Si legge sempre nella pubblicazione di Cavicchioli et al.: “I livelli atmosferici di metano sono aumentati bruscamente negli ultimi anni (2014-2017), rappresentando una grave minaccia per il controllo del riscaldamento climatico, e pur non essendo le dinamiche ancora del tutto chiare, tale aumento è legato alle emissioni da parte dei metanogeni e/o delle industrie dei combustibili fossili, ma anche a una riduzione dell’ossidazione atmosferica del metano”.
microrganismi metanogeni (appartenenti al regno degli Archea) producono metano in ambienti anaerobici naturali e artificiali (sedimenti, terreni saturi d’acqua come le risaie, tratto gastrointestinale degli animali, in particolare dei ruminanti), impianti di acque reflue e impianti di biogas. A questo rilascio di metano si aggiunge la produzione antropogenica da utilizzo dei combustibili fossili. Il metano subisce poi ossidazione sia a livello di atmosferica sia, mediata da microrganismi, a livello di suolo, sedimenti e bacini idrici.

Il ruolo dell’agricoltura nella produzione di metano

Che ruolo hanno l’agricoltura e la zootecnia nella produzione di metano?
Leggiamo sempre nella pubblicazione di Cavicchioli et al.: “Il riso nutre metà della popolazione mondiale e le risaie contribuiscono al 20% delle emissioni agricole di metano, nonostante coprano solo il 10% della terra coltivabile. Si prevede che i cambiamenti climatici antropogenici raddoppieranno le emissioni di metano derivanti dalla produzione di riso entro la fine del secolo. I ruminanti sono la più grande fonte di emissioni antropogeniche di CH4, con un’impronta di carbonio da 19 a 48 volte maggiore per la produzione di carne di ruminanti rispetto agli alimenti vegetali ad alto contenuto proteico. Anche la produzione di carne da animali non ruminanti (come maiali, pollame e pesce) produce una quantità di metano da 3 a 10 volte superiore rispetto agli alimenti vegetali ad alto contenuto proteico”.

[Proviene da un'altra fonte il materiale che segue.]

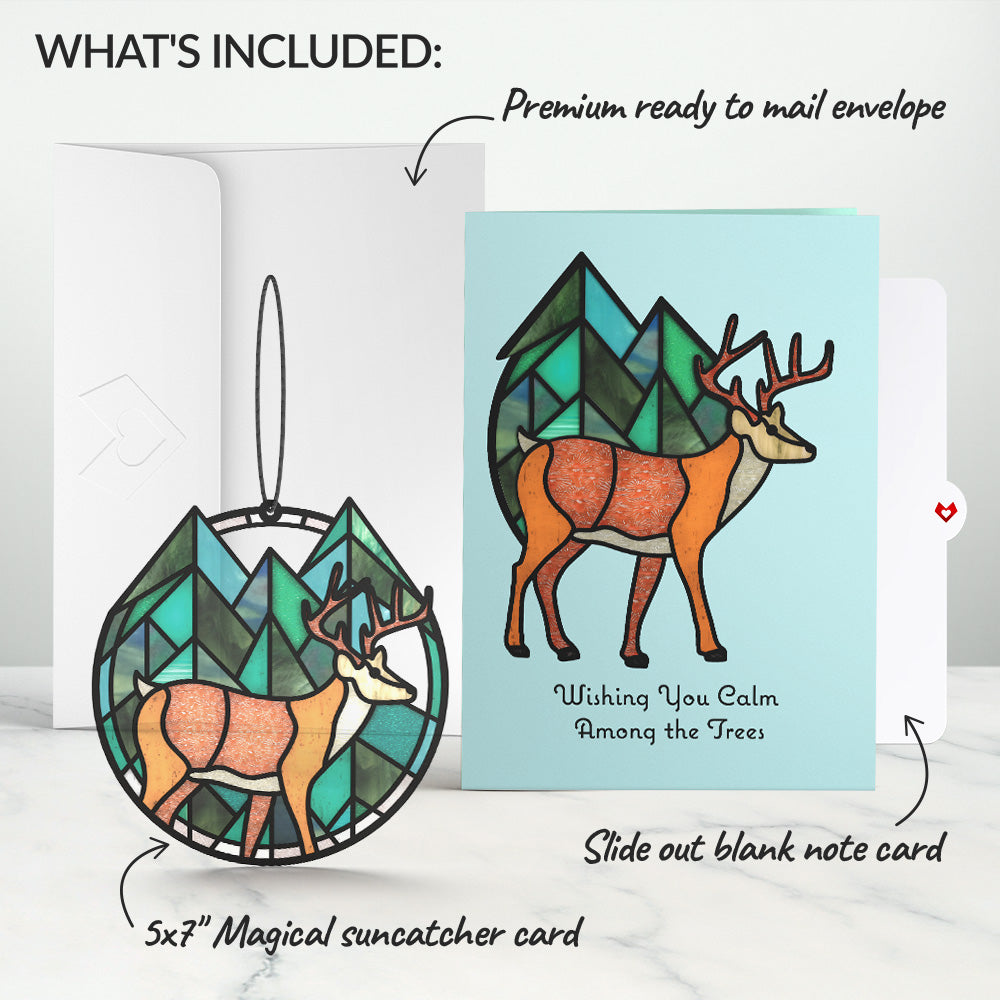 Calm Among the Trees Elk Suncatcher Card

Attenzione alle semplificazioni

Questo breve approfondimento ha lo scopo di aprire una finestra sulla complessità delle relazioni e degli equilibri che entrano in gioco quando si parla di cambio climatico e agricoltura, nel caso specifico di funzioni svolte da alcuni microrganismi (patogeni e non) nelle produzioni alimentari.
La conoscenza di questi equilibri, oltre ad accrescere la consapevolezza dell’opinione pubblica sui temi legati alla sostenibilità in agricoltura, aiuta a comprendere il ruolo strategico del settore primario nelle azioni di mitigazione e di adattamento al cambio climatico.